Q: What Fb has change into leads us to what should be a blindingly apparent query: Why are social-media corporations nonetheless immunized from lawsuits below Part 230 of the Communications Decency Act? They don’t seem to be, and by no means actually had been, impartial content material transmitters, and the notion that we’ve any probability of reining them in whereas immunity stays is a fantasy. — Steven E. Mittelstaedt, Ferndale, Wash.

A: With out these 26 phrases of Part 230, handed in 1996, a few of the strongest corporations on this planet wouldn’t exist: “No supplier or person of an interactive pc service shall be handled because the writer or speaker of any data offered by one other data content material supplier.” It’s type of wonderful, isn’t it? Fb would by no means have achieved megascale if it had been responsible for the toxicity and hurt posted on the platform. As a substitute, the regulation treats social platforms as if they’re impartial distributors—like phone wires. However I’m with you: It’s apparent that the most important social platforms aren’t impartial in any respect. Their algorithms are designed so as to add weight to totally different sorts of content material, and to totally different person reactions, in ways in which have an effect on distribution and vitality. I imagine you’re proper that Fb isn’t going to vary with out substantial intervention. I used to imagine that market competitors would ultimately do the trick—that buyers would have the chance to flock to better-quality platforms. Now I’ve been satisfied by arguments that authorities regulation isn’t just mandatory however overdue—and maybe inevitable.


The Info

What we realized fact-checking this situation

In “The Autocrats Are Profitable,” Anne Applebaum invokes a preferred historic instance of autocratic indignation: Soviet Premier Nikita Khrushchev brandishing his shoe throughout a United Nations assembly in 1960.

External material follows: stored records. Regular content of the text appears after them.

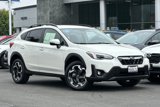 Certified 2022 Subaru Crosstrek 2.5i Limited w/ Popular Package #4A image 2
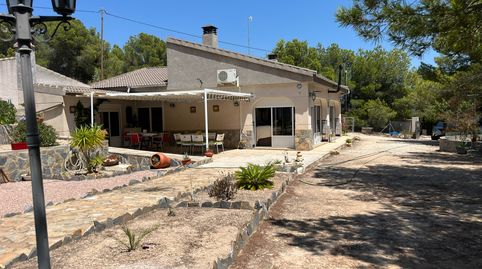 Foto 5 de Casa o chalet en venta en Jijona / Xixona, Alicante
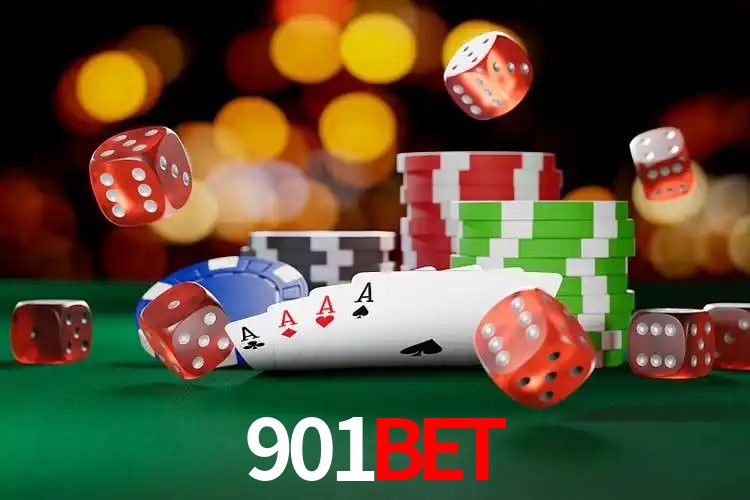Estatísticas Esportivas 901BET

The second is also known as the “shoe-banging incident,” partly as a result of The New York Instances reported the following day that Khrushchev had slammed his footwear on a desk after a Filipino delegate criticized the usS.R. Within the following decade, references to the occasion appeared in such numerous locales as an episode of the spy collection The Man From U.N.C.L.E. and a chapter of Frantz Fanon’s The Wretched of the Earth.

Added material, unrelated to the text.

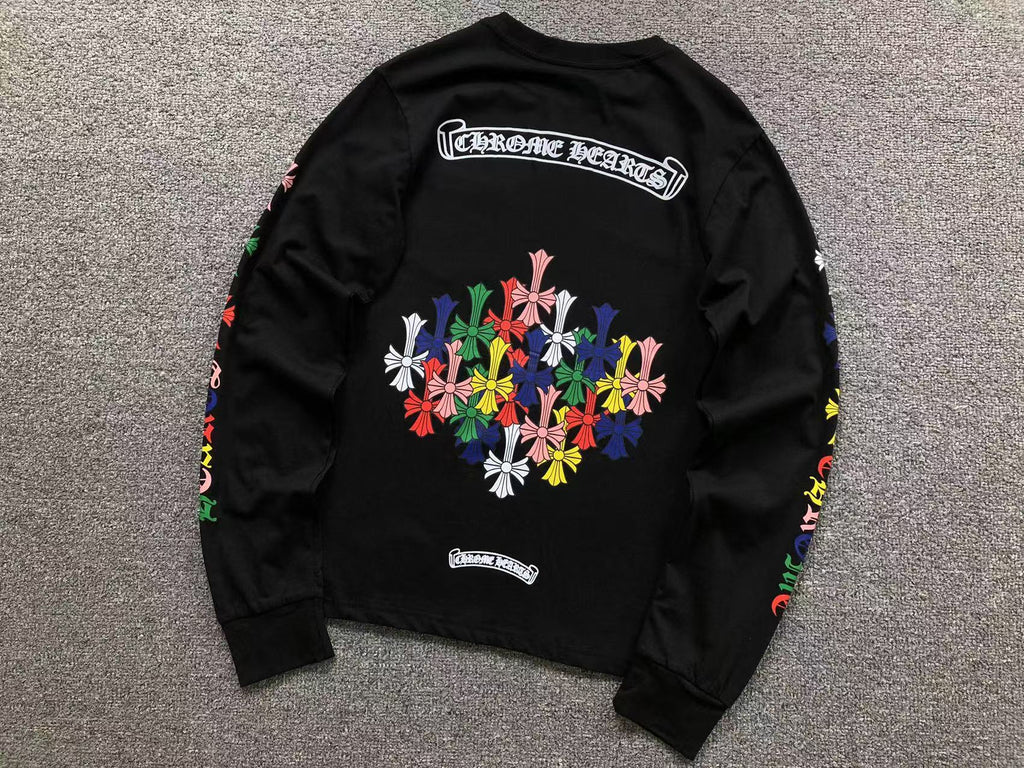 Cross Longsleeve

Extra not too long ago, historians and journalists have debated the small print of how this second unfolded. Did Khrushchev actually bang the shoe, or merely wave it round? Did he take away his shoe through the assembly, or had it slipped off on his technique to the desk? Some have speculated premeditation: the presence of a 3rd shoe.

Though photos of Khrushchev wielding a superimposed idler have sometimes fooled the general public, precise pictures of the session attest solely to a shoe on his desk. Nonetheless, the supposed shoe-pounding stays a standard reference in discussions of nationwide management—a picture of authoritarian belligerence or righteous political umbrage, relying on one’s outlook.

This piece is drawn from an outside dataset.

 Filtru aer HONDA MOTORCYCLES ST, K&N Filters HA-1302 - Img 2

In his memoirs, Khrushchev conflates the incident with an earlier UN outburst, summing up his diplomatic technique like so: “I made a decision so as to add a bit of bit extra warmth.”

Sam Fentress, Assistant Editor


Behind the Cowl

In “The Autocrats Are Profitable,” Anne Applebaum argues that democracies like the US are shedding affect throughout the globe because the leaders of Russia, China, Turkey, and different autocratic states strike self-interested offers to bypass sanctions and guarantee their very own political longevity. On the duvet, 5 world leaders—Venezuela’s Nicolás Maduro, Belarus’s Alexander Lukashenko, Russia’s Vladimir Putin, China’s Xi Jinping, and Turkey’s Recep Tayyip Erdoğan—stand in a row, suggesting a coordinated menace to liberal democracies the world over.

Oliver Munday, Design Director


This text seems within the December 2021 print version with the headline “The Commons.”